**Task directions**:
Below are some records. Retype exactly the lines from the one containing "Surface tension of" through the one containing "We are going", both included, skipping every picture.

**Task material**:
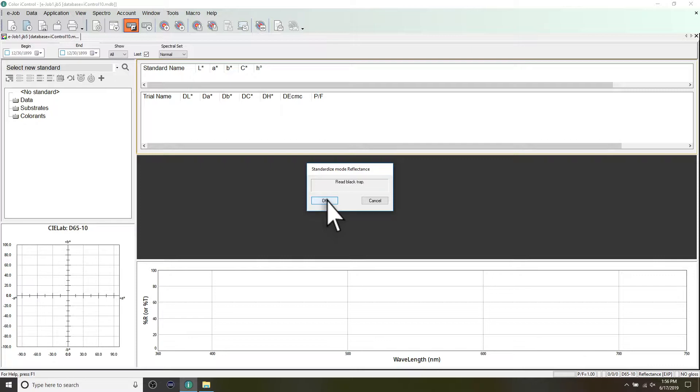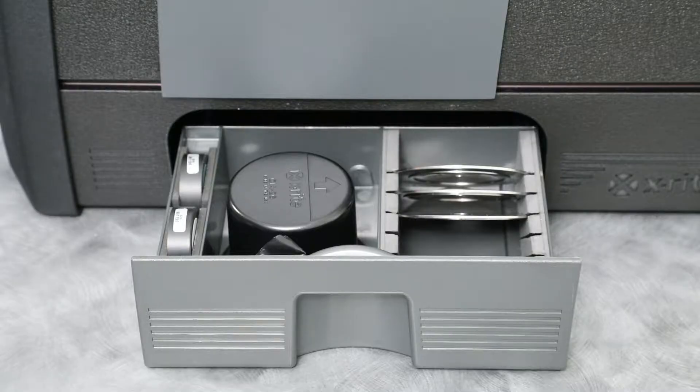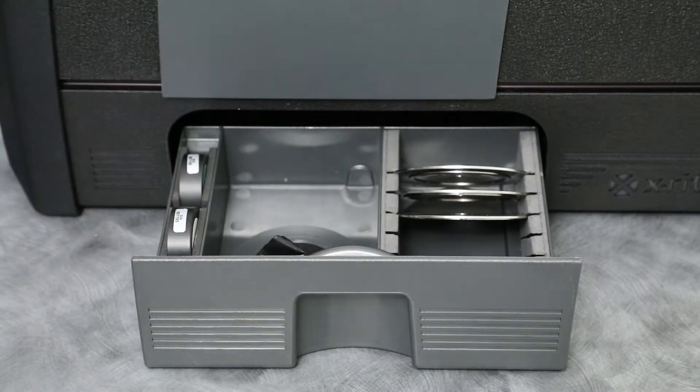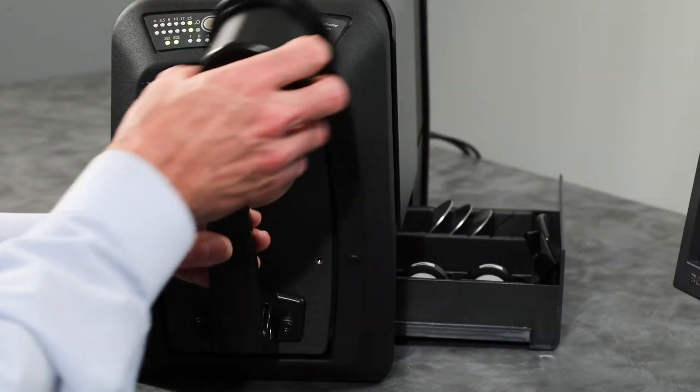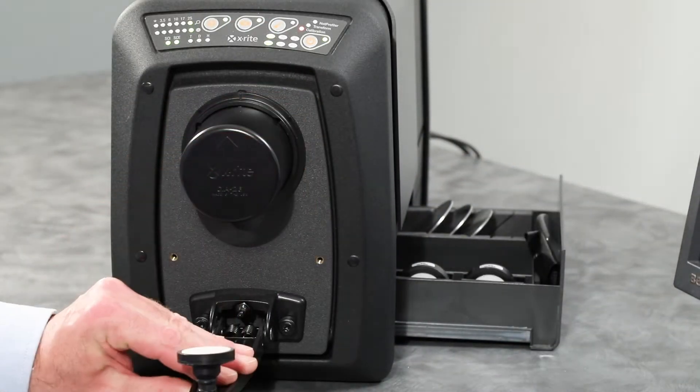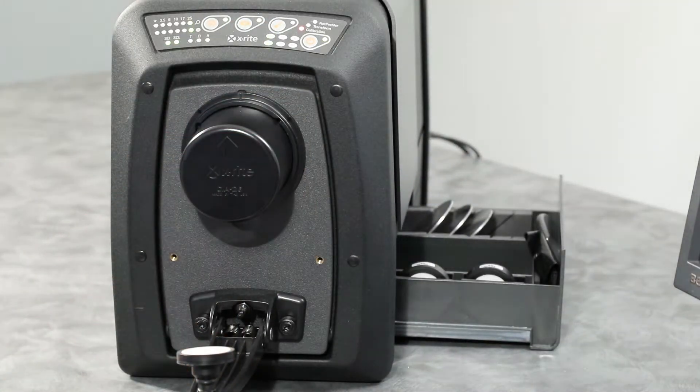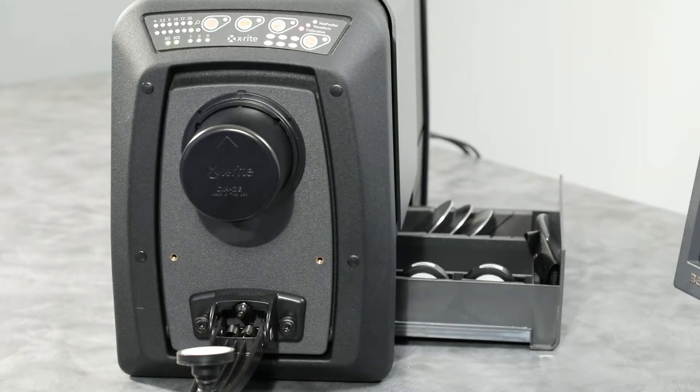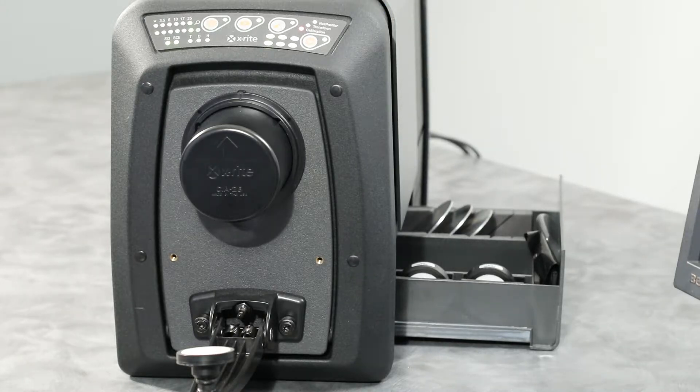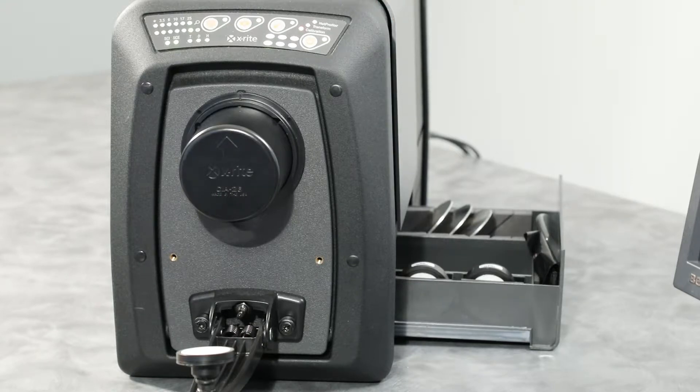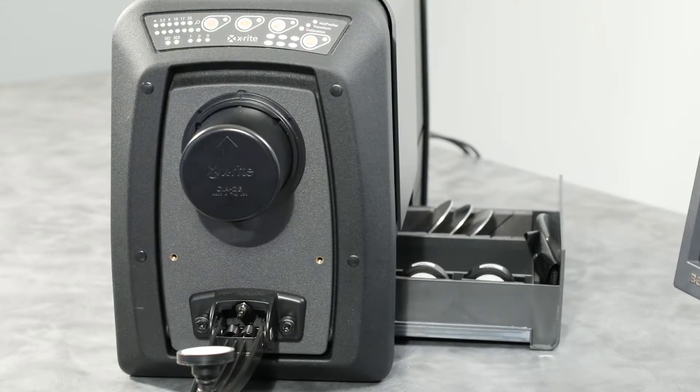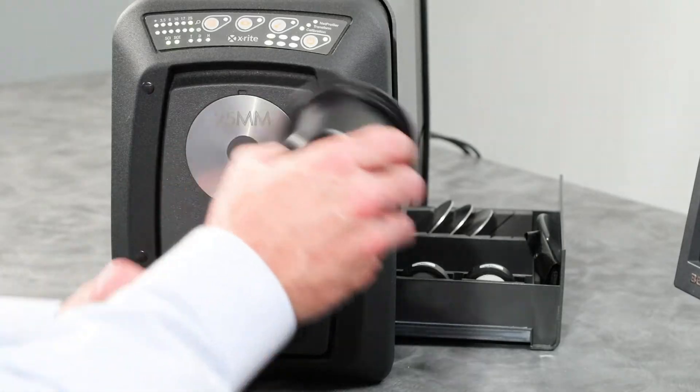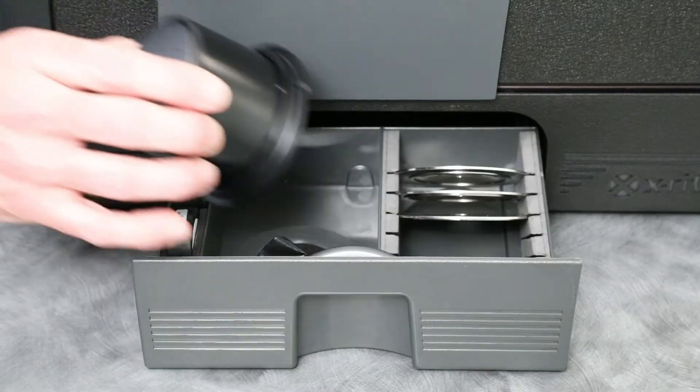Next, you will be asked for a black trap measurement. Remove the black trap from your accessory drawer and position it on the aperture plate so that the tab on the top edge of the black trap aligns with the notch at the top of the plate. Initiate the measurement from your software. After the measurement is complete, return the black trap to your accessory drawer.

---

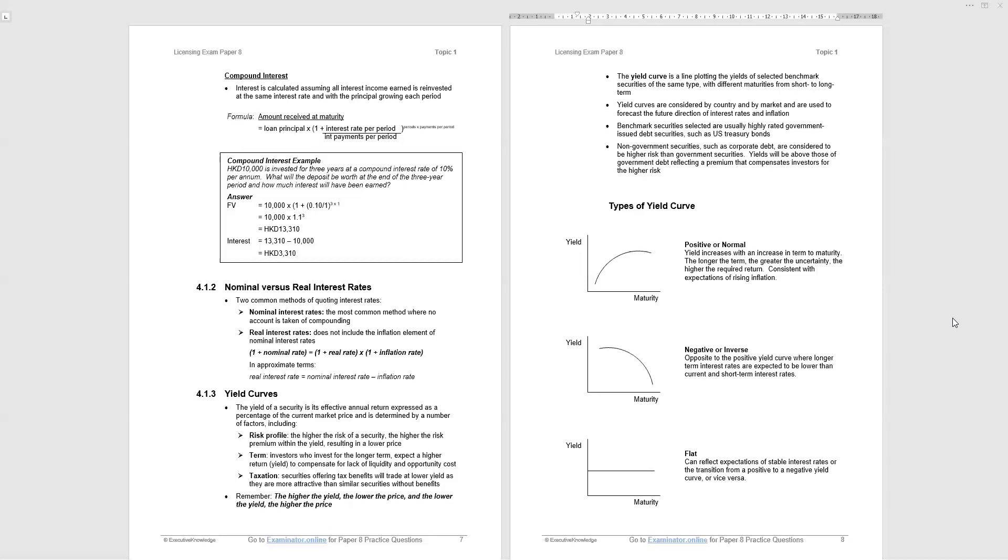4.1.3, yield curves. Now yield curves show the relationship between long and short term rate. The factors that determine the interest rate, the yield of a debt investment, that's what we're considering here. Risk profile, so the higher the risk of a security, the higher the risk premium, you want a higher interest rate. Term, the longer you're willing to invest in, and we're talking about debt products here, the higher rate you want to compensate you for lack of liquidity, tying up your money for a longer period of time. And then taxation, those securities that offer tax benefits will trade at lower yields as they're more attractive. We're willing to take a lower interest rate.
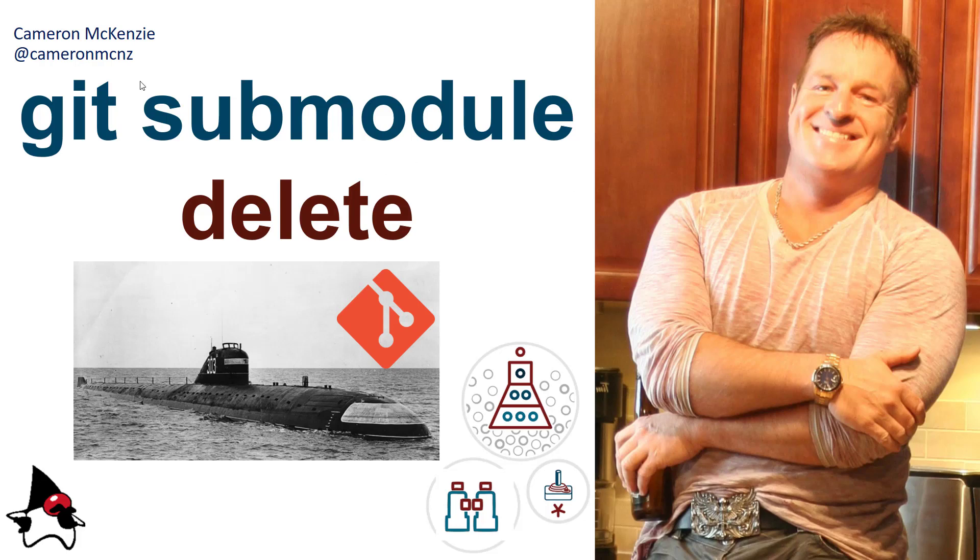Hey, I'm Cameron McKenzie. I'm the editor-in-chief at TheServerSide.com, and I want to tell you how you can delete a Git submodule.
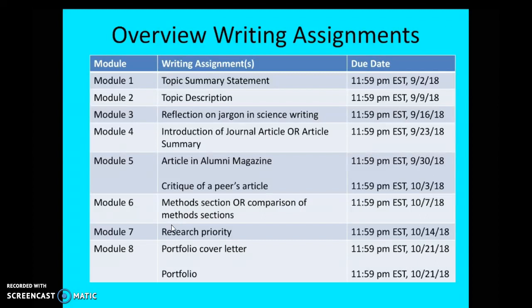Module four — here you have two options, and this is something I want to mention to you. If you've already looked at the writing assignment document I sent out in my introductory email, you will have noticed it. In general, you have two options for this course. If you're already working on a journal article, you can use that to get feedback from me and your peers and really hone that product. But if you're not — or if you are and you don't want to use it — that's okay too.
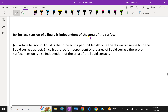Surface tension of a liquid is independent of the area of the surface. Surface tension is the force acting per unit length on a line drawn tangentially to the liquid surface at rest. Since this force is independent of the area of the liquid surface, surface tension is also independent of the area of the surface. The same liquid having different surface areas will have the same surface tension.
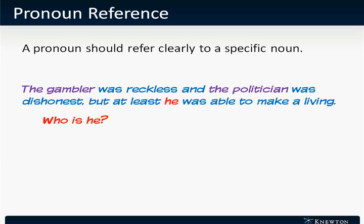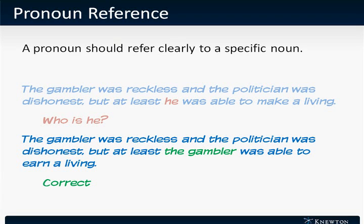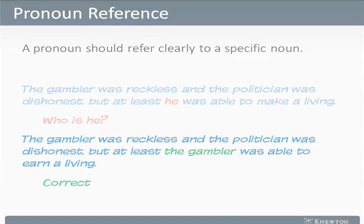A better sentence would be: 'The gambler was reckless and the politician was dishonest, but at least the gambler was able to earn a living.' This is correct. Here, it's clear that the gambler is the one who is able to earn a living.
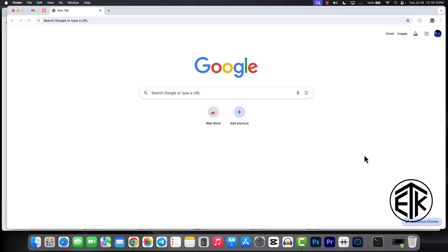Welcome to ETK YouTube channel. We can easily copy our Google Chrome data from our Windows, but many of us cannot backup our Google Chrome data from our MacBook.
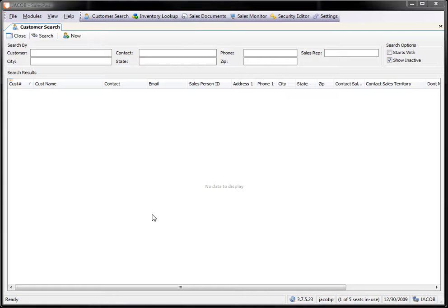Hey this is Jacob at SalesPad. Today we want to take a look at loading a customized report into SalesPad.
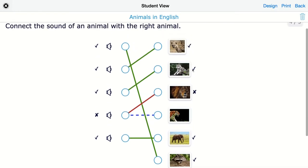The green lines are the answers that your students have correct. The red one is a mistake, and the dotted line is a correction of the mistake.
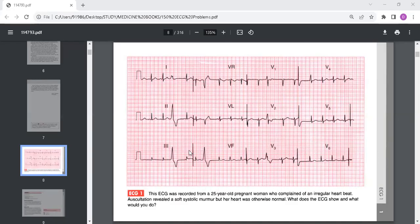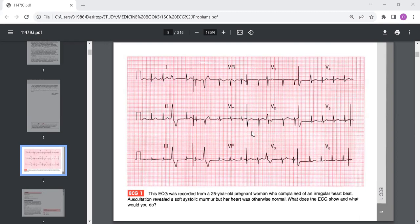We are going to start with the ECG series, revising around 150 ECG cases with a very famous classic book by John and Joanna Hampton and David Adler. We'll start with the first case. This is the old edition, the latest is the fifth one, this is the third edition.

**Output below**:
Surface tension of a liquid is independent of the area of the surface. Surface tension is the force acting per unit length on a line drawn tangentially to the liquid surface at rest. Since this force is independent of the area of the liquid surface, surface tension is also independent of the area of the surface. The same liquid having different surface areas will have the same surface tension.
A better sentence would be: 'The gambler was reckless and the politician was dishonest, but at least the gambler was able to earn a living.' This is correct. Here, it's clear that the gambler is the one who is able to earn a living.
Welcome to ETK YouTube channel. We can easily copy our Google Chrome data from our Windows, but many of us cannot backup our Google Chrome data from our MacBook.
Hey this is Jacob at SalesPad. Today we want to take a look at loading a customized report into SalesPad.
The green lines are the answers that your students have correct. The red one is a mistake, and the dotted line is a correction of the mistake.
We are going to start with the ECG series, revising around 150 ECG cases with a very famous classic book by John and Joanna Hampton and David Adler. We'll start with the first case. This is the old edition, the latest is the fifth one, this is the third edition.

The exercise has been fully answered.